Jill Vaughn (born 1968) was a brewmaster at Anheuser-Busch (now Anheuser-Busch InBev) from 1992 to 2018. She developed and released beers such as Bud Light Lime, Michelob Ultra, Bud Light Platinum, Shock Top, and the Straw-Ber-Rita.

== Education ==
Vaughn was born in 1968 and grew up in Ohio. She obtained a Bachelor of Science in Food Technology and Animal Science from Ohio State University in 1990, and Master of Science in Food Science and Technology from Ohio State University in 1992. In 2015, Vaughn completed a certificate in sensory and consumer science from the University of California, Davis.
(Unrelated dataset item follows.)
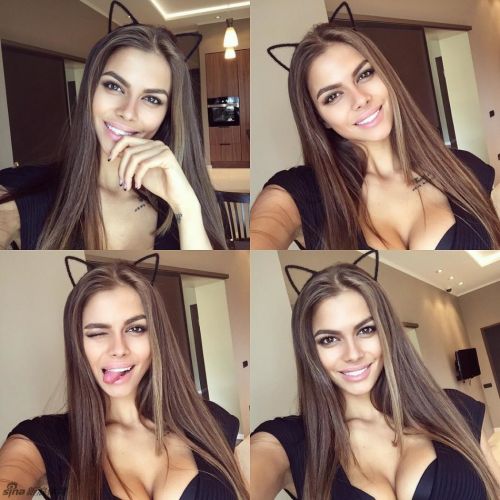 俄美女模特Viki Odintcova个人资料 身材火辣爱极限运动高空玩命（2）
While at Ohio State University, Vaughn saw a job notice on a bulletin board with details about a position opening at one of Anheuser-Busch's breweries. She applied and said in an interview that "before my interview I actually went to the library and took out a textbook on the science of brewing to read on the plane. I brought it to my interview, and they were so impressed that I was taking the opportunity so seriously that I got hired."

== Work at Anheuser-Busch ==
Vaughn held many positions at Anheuser-Busch InBev, including Brewing Group Manager, Process Engineer, New Product Development / Corporate Staff Brewmaster, Assistant Brewmaster / Production Manager, Corporate Staff Brewmaster New Product Development, Manager for Process and Product Development in Innovations for North America, and a Manager for Front End Innovation.

Vaughn was instrumental in developing and releasing many of Anheuser-Busch's most popular beers, including Bud Light Platinum, Bud Light Lime, Michelob Ultra, and Straw-Ber-Rita; however, it is her work as the brewers of Shock Top that gained her the most attention. Shock Top is a Belgian-Style wheat ale, which was originally created in 2006 as a seasonal brew under the name Spring Heat Spiced Wheat. She developed both Shock Top and Straw-Ber-Rita with Rebecca Bennett.

Her work releasing new beer brands was time intensive, a process she said took anywhere from six to 18 months from idea to finished product. She noted that “The fun part, the creative part for me, is taking those ideas and words and translating them into a recipe that works. That's where the art and science of brewing intersect.”

== Employment after Anheuser-Busch ==
Between 2017 and 2018, Vaughn worked as the Director for a joint venture between Anheuser-Busch InBev and Keurig Green Mountain, Inc. to develop a new "in-home" alcohol drink system; the following year, she worked for Archer Daniels Midland Company as their Senior Director for Product Development and Application in the WILD Flavors & Specialty Ingredients Business Unit. Since 2019, Vaughn has been the Senior Director for Research and Development at the Balchem Corporation.

== Professional involvement ==
Vaughn has been a member of American Society of Brewing Chemists (ASBC), Brewers Association, Institute of Food Technologists (IFT), OSU CFAES, and Society of Sensory Professionals (SSP).